The New York Times, in 2005, described him as “probably the most famous foreign correspondent in Britain”.

Fisk came to prominence for his coverage of the Lebanese Civil War, the first Gulf War, based in Baghdad, the events of 9/11, and the US-led war wars in Afghanistan and Iraq. Fisk also interviewed Osama Bin Laden on three occasions.

He also covered Israeli invasions of Lebanon, the Algerian civil war, Saddam Hussein’s invasion of Kuwait and the 2011 Arab revolutions. He worked in the Balkans during the conflict there and more recently covered the conflict in Syria.

Born in Maidstone, Kent in 1946, he later took Irish citizenship. Irish President Michael D Higgins has expressed his “great sadness” about Fisk’s death on Sunday.

Veteran Lebanese Druze politician Walid Joumblatt, who was a warlord during the civil war, said on Twitter: 

“I will miss you terribly my friend Robert .You were a remarkable person with unbelievable courage and a unique reporter. We met during crucial moments of the Lebanese Civil War and you predicted the fate of the Lebanese like the Arabs today ...” he said in a post on Twitter Monday.
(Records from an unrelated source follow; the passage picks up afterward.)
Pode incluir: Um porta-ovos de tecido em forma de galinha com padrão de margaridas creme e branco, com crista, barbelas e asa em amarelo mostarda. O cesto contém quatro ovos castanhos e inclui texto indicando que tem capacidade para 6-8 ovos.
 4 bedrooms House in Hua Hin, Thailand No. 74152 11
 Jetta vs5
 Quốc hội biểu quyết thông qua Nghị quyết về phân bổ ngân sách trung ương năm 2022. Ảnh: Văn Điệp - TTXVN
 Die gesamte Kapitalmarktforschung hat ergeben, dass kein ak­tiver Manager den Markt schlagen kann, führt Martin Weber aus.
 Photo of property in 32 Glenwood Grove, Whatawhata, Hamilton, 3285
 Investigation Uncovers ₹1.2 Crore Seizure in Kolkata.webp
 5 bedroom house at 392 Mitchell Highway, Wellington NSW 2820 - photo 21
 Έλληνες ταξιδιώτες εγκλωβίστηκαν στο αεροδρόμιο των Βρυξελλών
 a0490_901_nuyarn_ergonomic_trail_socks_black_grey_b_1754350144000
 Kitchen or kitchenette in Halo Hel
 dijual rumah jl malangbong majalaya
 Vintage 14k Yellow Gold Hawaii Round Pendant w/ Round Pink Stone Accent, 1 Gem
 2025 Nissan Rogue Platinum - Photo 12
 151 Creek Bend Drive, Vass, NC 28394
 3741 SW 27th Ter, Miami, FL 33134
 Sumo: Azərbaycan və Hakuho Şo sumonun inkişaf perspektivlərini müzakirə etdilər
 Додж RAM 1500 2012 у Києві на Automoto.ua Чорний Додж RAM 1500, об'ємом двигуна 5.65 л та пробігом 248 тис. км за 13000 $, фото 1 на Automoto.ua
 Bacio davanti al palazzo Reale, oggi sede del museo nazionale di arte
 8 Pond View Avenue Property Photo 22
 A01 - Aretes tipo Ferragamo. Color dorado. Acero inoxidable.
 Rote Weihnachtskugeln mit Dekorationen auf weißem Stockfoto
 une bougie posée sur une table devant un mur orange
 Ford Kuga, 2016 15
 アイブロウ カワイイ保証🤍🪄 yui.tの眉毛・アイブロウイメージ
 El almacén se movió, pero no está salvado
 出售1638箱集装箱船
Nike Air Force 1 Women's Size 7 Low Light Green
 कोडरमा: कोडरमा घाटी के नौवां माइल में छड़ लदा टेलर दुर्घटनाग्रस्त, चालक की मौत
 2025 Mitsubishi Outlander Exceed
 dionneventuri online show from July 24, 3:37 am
Irish President Michael D Higgins has expressed his “great sadness” about Fisk’s death on Sunday. “With his passing the world of journalism and informed commentary on the Middle East has lost one of its finest commentators,” he said in a statement. “I have had the privilege of knowing Robert Fisk since the 1990s, and of meeting him in some of the countries of which he wrote with such great understanding. I met him in Iraq, and last year I had my last meeting with him in Beirut, during my official visit to Lebanon.

“I knew that his taking of Irish citizenship meant a great deal to him. And his influence on young practitioners in journalism and political writing was attested by the huge audiences which attended the occasions on which he spoke in Ireland.”